Colette Magny me manque, j’espérais toujours qu’on recommencerait à jouer ensemble, comme lorsque nous improvisions à deux sur le même piano, elle tenant la main gauche et chantant tandis que je papillonnais avec la droite… Il reste un Comedia dell’Amore (1) du 15 mars 1991 et des bandes enregistrées à la maison en 1979, c’est tout.

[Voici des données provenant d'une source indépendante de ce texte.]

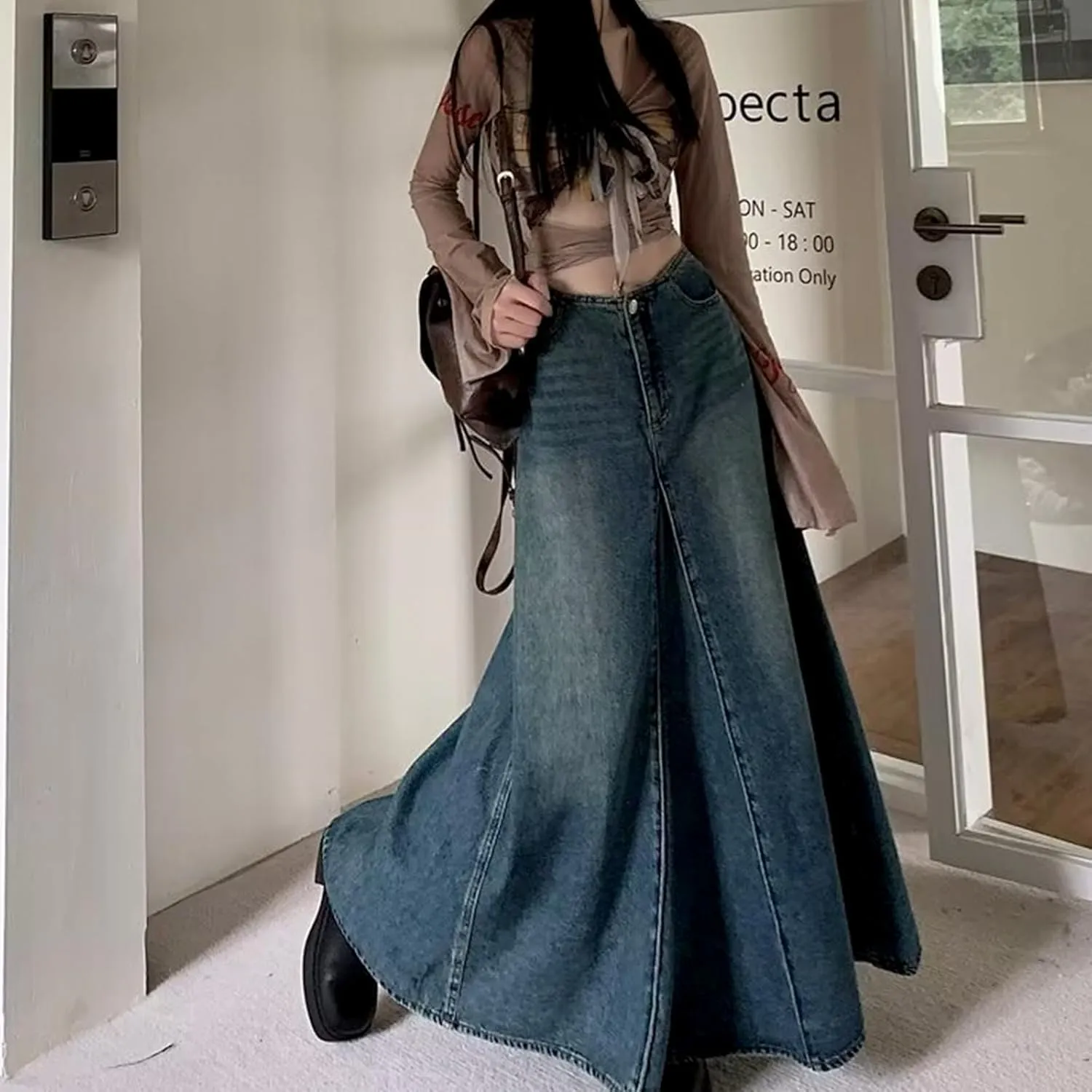 Maxi Skirt for Women Sexy High Waisted Skirt Casual Denim Long Skirt Colorful Polyester A Style Skirt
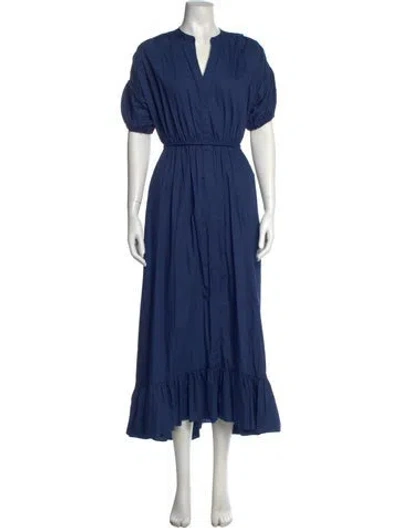 Pre-owned Misa V-neck Long Dress In Blue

La disparition de Frank Royon Le Mée est encore plus pénible parce que nous n’avons jamais rencontré depuis aucun chanteur capable d’autant d’invention et de spontanéité, alliant la virtuosité de l’instrument à la dramaturgie du verbe. Trois octaves et demie de tessiture, du haute-contre au baryton. Je l’ai vu en talons hauts sur la scène de l’Opéra de Paris pour La vera storia de Berio, en solo dans le rôle de Saint Sébastien transpercé de flèches et s’accompagnant avec un petit orgue à tuyaux. Dans le showbiz, il remplaçait des chanteurs du Top 50 défaillants pour une syllabe inaccessible, fréquentait les Mothers of Invention à Los Angeles, improvisait avec Kurtag et Kientzy, interprétait les contemporains comme les baroques, concevait des spectacles délirants à plusieurs orchestres et chœurs… À notre première rencontre, Frank portait des lentilles réfléchissantes, on pouvait se voir dans ses yeux de martien comme dans un miroir concave, c’était très déstabilisant. Frank aimait la provocation. Royaliste, il ne travaillait jamais le jour de la mort du roi, journée blanche disait-il. Il était toujours habillé avec élégance dans un costume de prêtre moderne. Drôle de rencontre avec le trio de gauchistes que nous formions. Ensemble, nous avons enregistré un extrait des Météores de Tournier (2) en 1987 et un Comedia dell’Amore (3) du 21 janvier 1992, nous avons créé Le Château des Carpathes d’après Jules Verne sous un déluge de feux d’artifice, et puis c’est tout. Frank Royon Le Mée est mort du sida en 1994. Dans son ombre, nous recherchons toujours l’acteur-chanteur idéal qui portera nos paroles avec ses gestes, avec qui la musique ne sera qu’un vecteur pour raconter des histoires, histoires de fous, histoires du temps présent, histoire de rêver à un monde meilleur à la construction duquel nous espérons œuvrer, dans l’utopie sans cesse renouvelée.